7. I always thought the questions from shareholders "concerned" about Warren's health come across as more than a little shallow. I'm pretty sure they're mostly concerned about their investment, and they think they need a healthy Warren chained to the chair to get a good return. Warren or Charlie (can't remember which) made some comments about how stress is a huge factor in one's overall health, and Warren commented that he has absolutely no stress whatsoever. I believe him.

8. I continue to think Warren and Charlie's method of "waiting for the phone to ring" is a fairly inefficient way to be on the prowl for new operating companies to buy. I realize he uses previously purchased company's management as "bird dogs", and I'm sure that works pretty well. But I also think he could set up a small team of point men/women to make calls to select prospective candidates, simply making known to the companies Berkshire's interest in a possible purchase. If management is interested then they can call Warren. That couldn't cost much, and it may break him into the overseas market if these callers speak the language. Food for thought…..
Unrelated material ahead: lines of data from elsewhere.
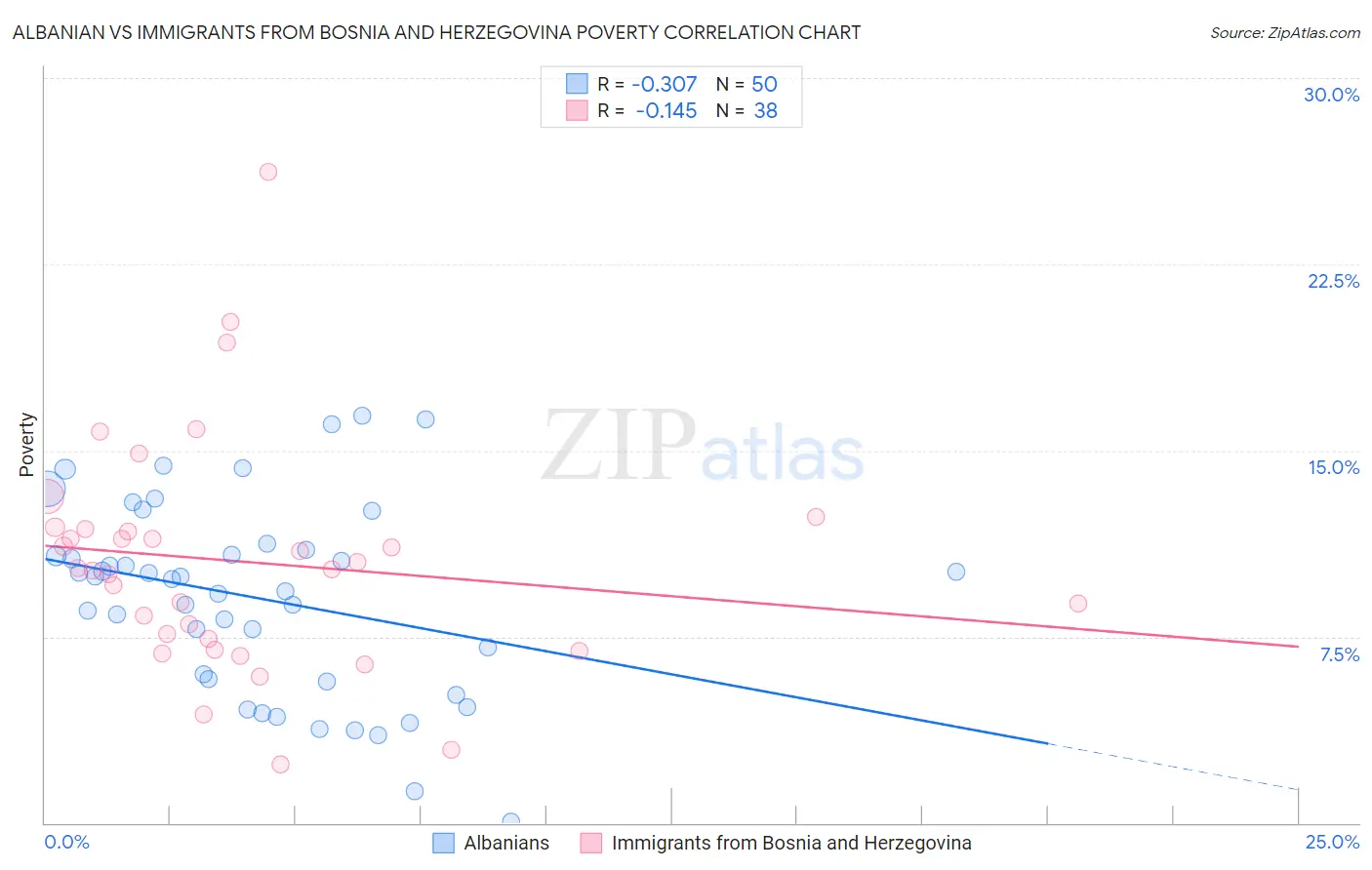 Albanian vs Immigrants from Bosnia and Herzegovina Poverty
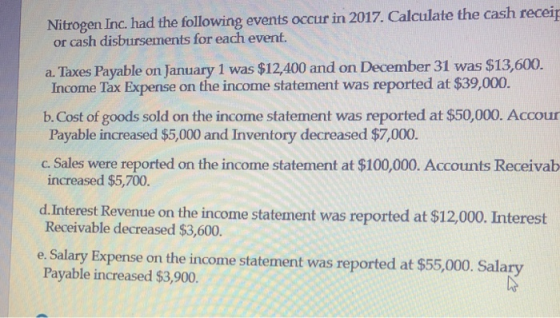 Nitrogen Inc. had the following events occur in 2017. Calculate the cash receip or cash disbursements for each event. a. Taxe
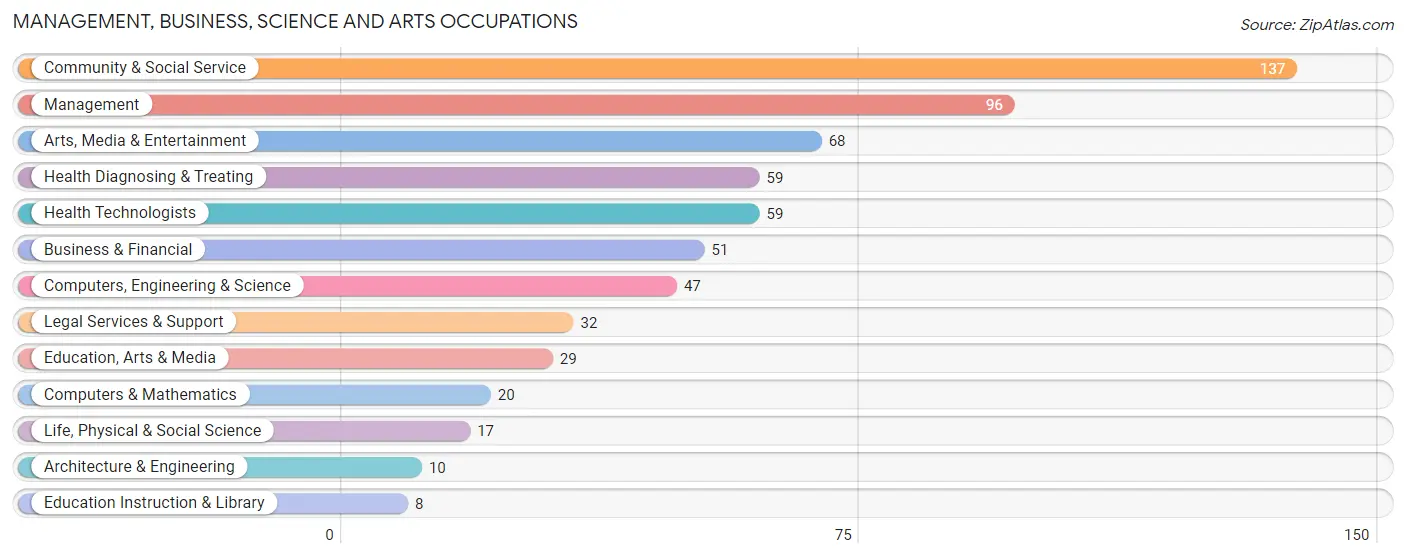 Management, Business, Science and Arts Occupations in Zip Code 10546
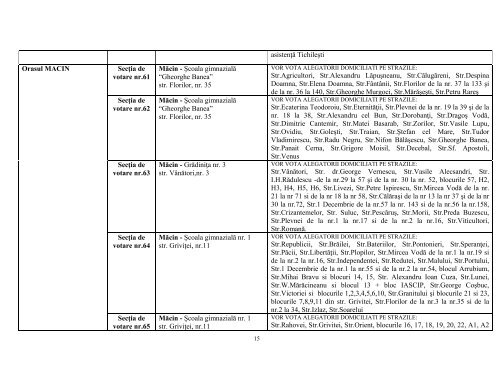 Numerotarea si delimitarea Sectiilor de Votare in judetul Tulcea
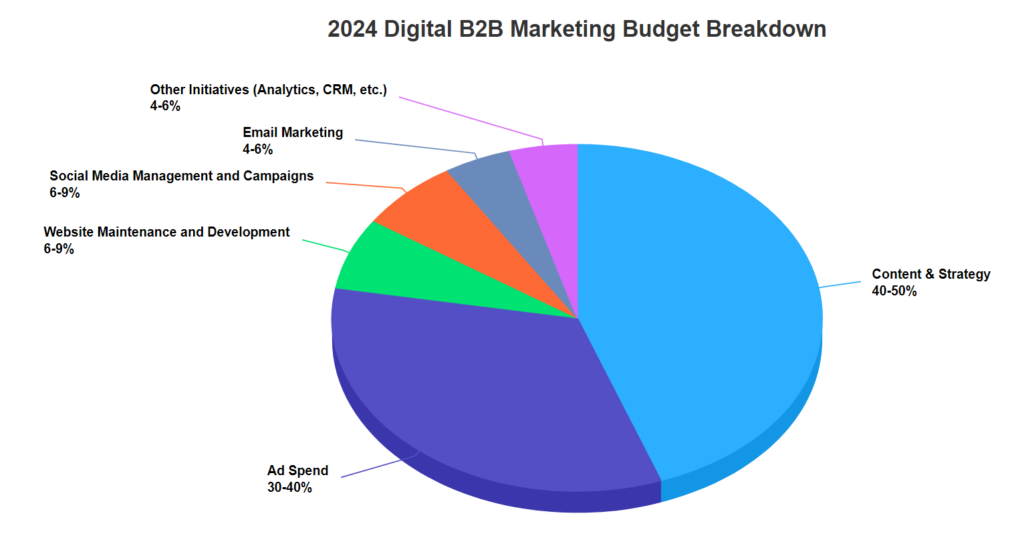 pie chart of a digital b2b marketing budget breakdown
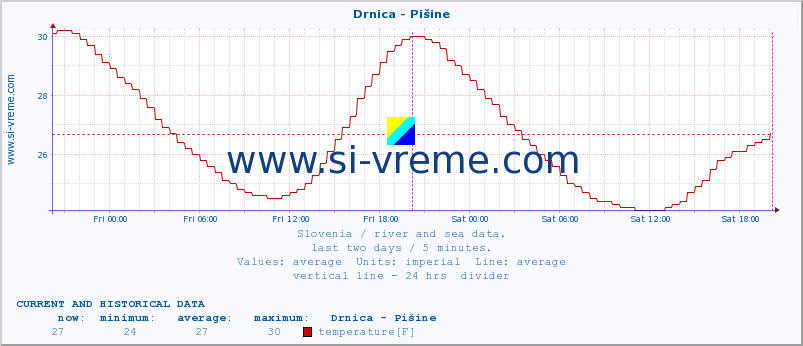  :: Drnica - Pišine :: temperature | flow | height :: last two days / 5 minutes.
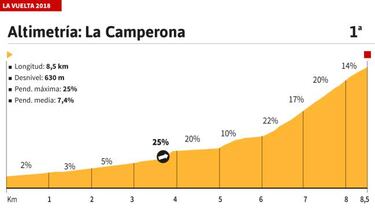"La Camperona nos brindará un magnífico espectáculo"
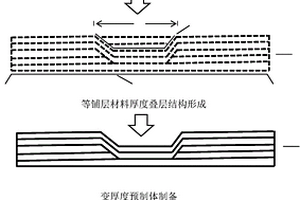 变厚度树脂基复合材料结构制备方法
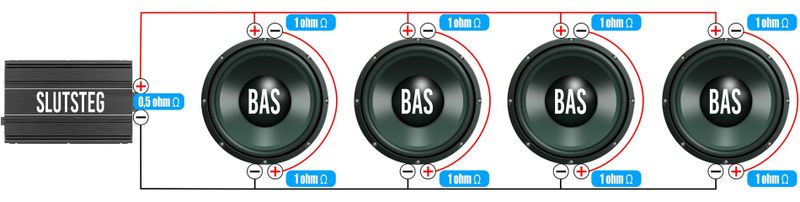 2x1 ohms element 4st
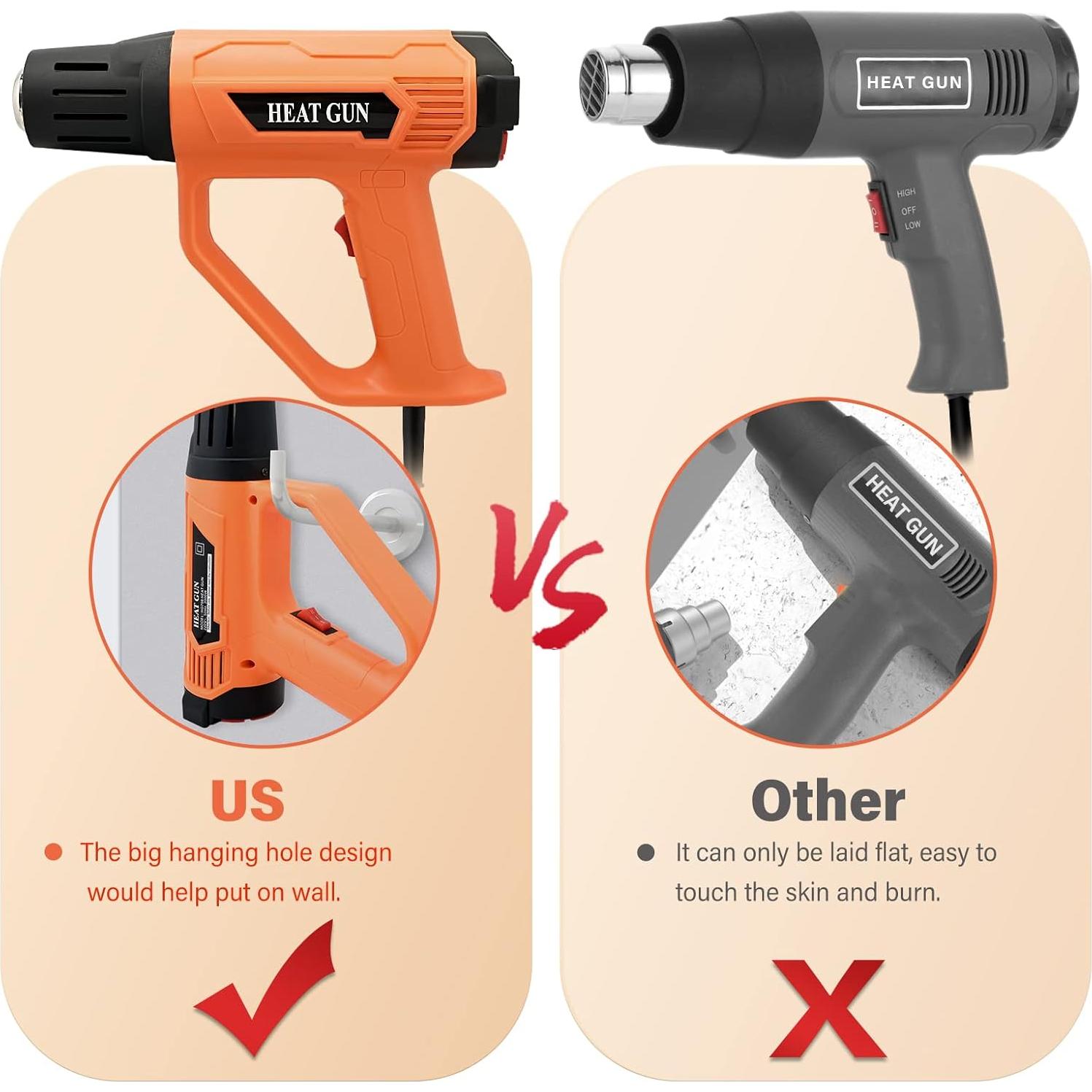 Pistola de Calor FOSHIO 2000W LCD 50-650°C 4 Boquillas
9. I cringed when the guy asked the "kick the bucket" question, but Warren took it pretty well I thought. The discussion that followed was enlightening for me as Warren discussed the "if you were to die tomorrow" letters he issues to management of his operating companies every year or two. I know Warren's successor and the succession issues at the many operating companies is of paramount importance to shareholders, but I continue to believe he has this issue under control.

10. How cool was it when the guy asked the question about GEICO's policies in force and the lag issue thing. I really didn't understand the question (obviously), but it was cool the way Warren acknowledged how that may look kind of confusing the way it was written in the annual report, and how he would provide more detail in the future. And I bet next year the detailed information will be there.
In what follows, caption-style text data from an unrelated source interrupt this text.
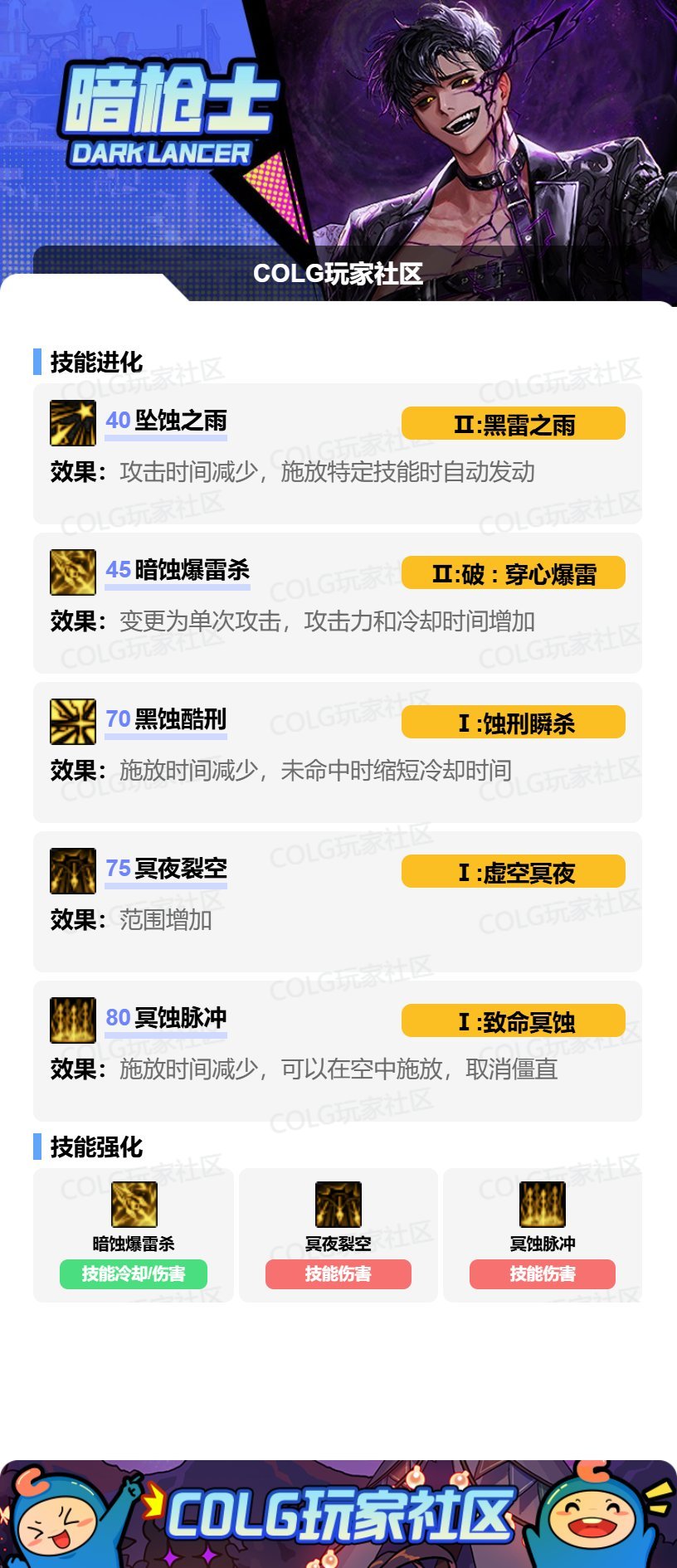 【115版本:职业百科】COLG全职业百科一一暗枪士(更新至周年庆版本)4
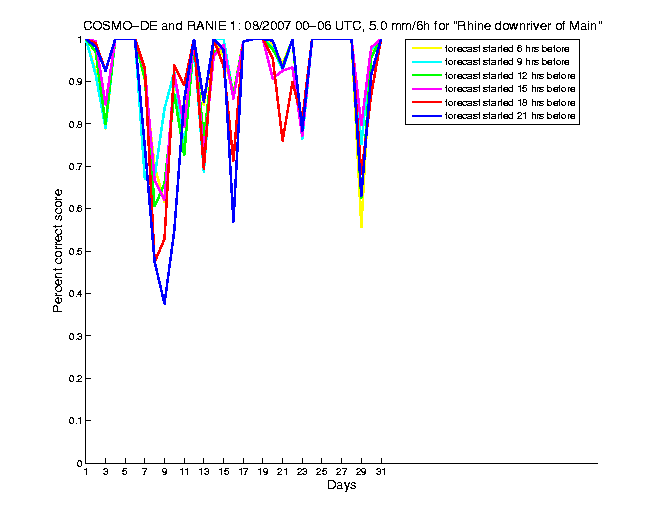 200708pecs4h1de1.png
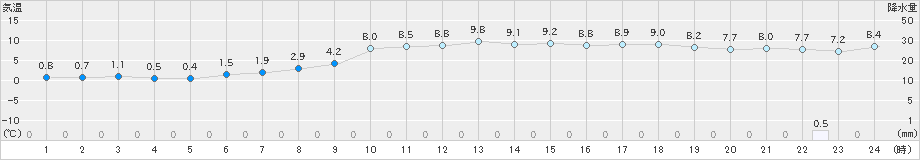 洲本(>2022年12月21日)のアメダスグラフ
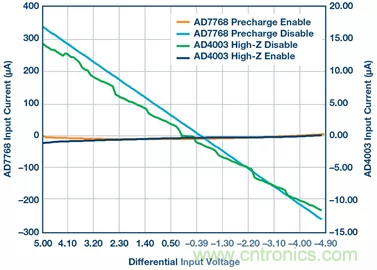 如何設(shè)計(jì)無(wú)緩沖ADC？這是屬于工程師的藝術(shù)~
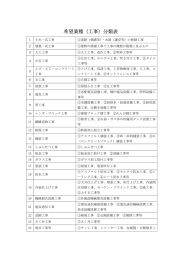 希望業種（工事）分類表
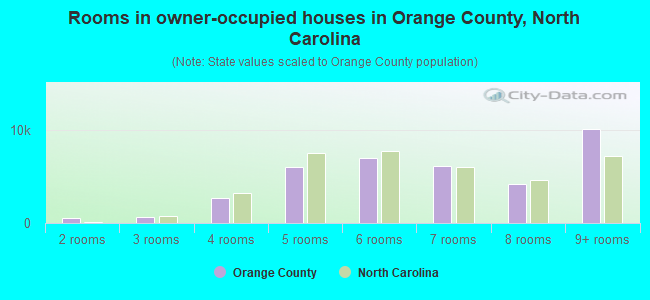 Rooms in owner-occupied houses in Orange County, North Carolina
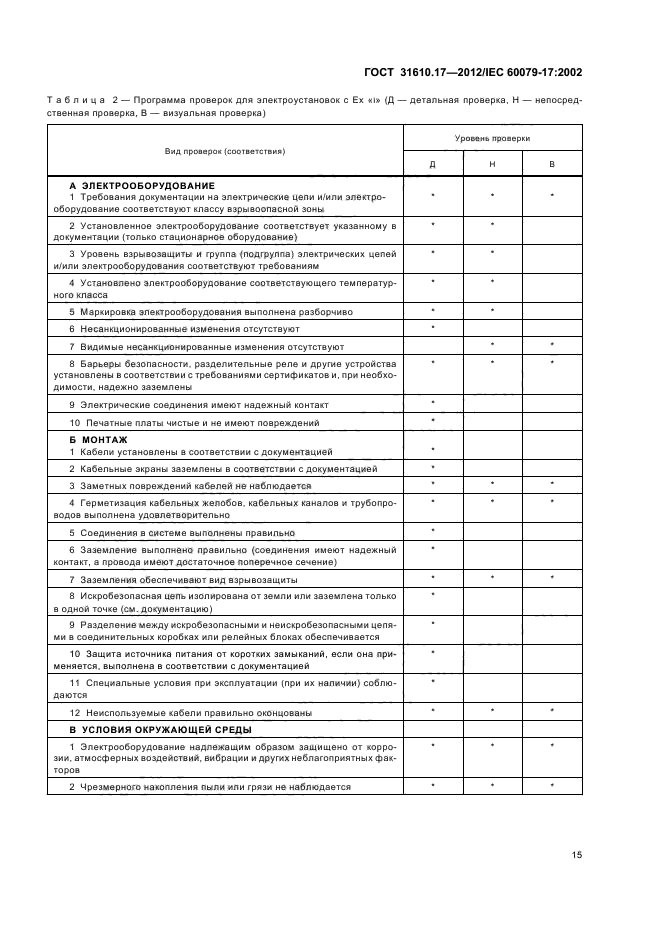 ГОСТ 31610.17-2012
11. I also thought Warren and Charlie showed a ton of humility when they admitted they had trouble getting their heads around some of the financial products division's stuff, specifically derivatives. I don't think any other CEO would admit something like that due to the huge ego problems most probably have. I think it's important when someone admits they don't understand something totally—says a lot about their character. And anyway, they said they have a man they trust totally on the derivative deal, and you can bet the overall risk has been calculated and if it were to blow up it would not hurt the company.

12. Was it just me, or does it look like both Warren and Charlie are having a ton of fun piling up money for us? I wonder if they like being treated like rock stars for a couple of days—probably.


Overall I thought it was a productive meeting. If you have never been, you need to go. It always helps me get back on track every year and focus on the most important things, both in life and investing.